In her New York Times article “Where Education and Assimilation Collide,” Ginger Thompson notes such expectations can cause problems. Administration and faculty in some schools are conflicted as to how to properly “educate” their immigrant students. For example, Thompson notes Cecil D. Hylton High School in Washington D.C. enjoys high test scores and graduation rates. The school has a large immigrant population and tensions can run high. Thompson offered the case of an American flag being ripped off a wall by immigrant students and black students suggesting they return to their own country.

Many sociologists note such patterns of in-migration are not uncommon in American history. They can cite influxes of Irish, Scottish, Jewish, Greek, German, and Chinese immigrants as examples. In all these cases, similar instances of strain have been recorded during the assimilation process. Other social researchers have noted that while America has a history of large in-migration phases, the nature of these migrations and their impact on American society have varied. Thus, it might be an error to assume all immigration is either “good” or “bad” for American society. Like most social phenomena, sociologists could argue each manifestation should be analyzed before it is categorized.

Would you like to respond to this posting?
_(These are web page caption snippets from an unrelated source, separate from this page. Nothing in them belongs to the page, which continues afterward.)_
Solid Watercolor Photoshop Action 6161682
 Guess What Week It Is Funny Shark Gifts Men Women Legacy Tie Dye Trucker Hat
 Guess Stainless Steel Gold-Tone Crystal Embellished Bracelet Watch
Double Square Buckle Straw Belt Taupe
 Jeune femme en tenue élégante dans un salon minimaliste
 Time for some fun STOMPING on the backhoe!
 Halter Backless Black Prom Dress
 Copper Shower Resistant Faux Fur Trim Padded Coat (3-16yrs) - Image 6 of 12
If so, select one of the topics below and respond to it or to another student’s comments.

1) Do you think schools should be responsible for assimilating immigrant students into American society or do you think our schools are already over burdened? If schools are not viewed as a major assimilation agent, who or what do you think should perform such a function?

2) What social function do you think immigration serves in American society? What negative ramifications do you think there would be if we curtailed immigration levels?

3) How would you determine whether particular waves of immigration are good or bad for America? What factors would you use (for example, assimilation rates, pre-existing cultural values, region of occurrence, size of immigrant population, education levels of immigrants, etc.) and why? How could you reach such conclusions based upon generalities, good or bad, without being susceptible to charges of racism, xenophobia, or ethnocentrism?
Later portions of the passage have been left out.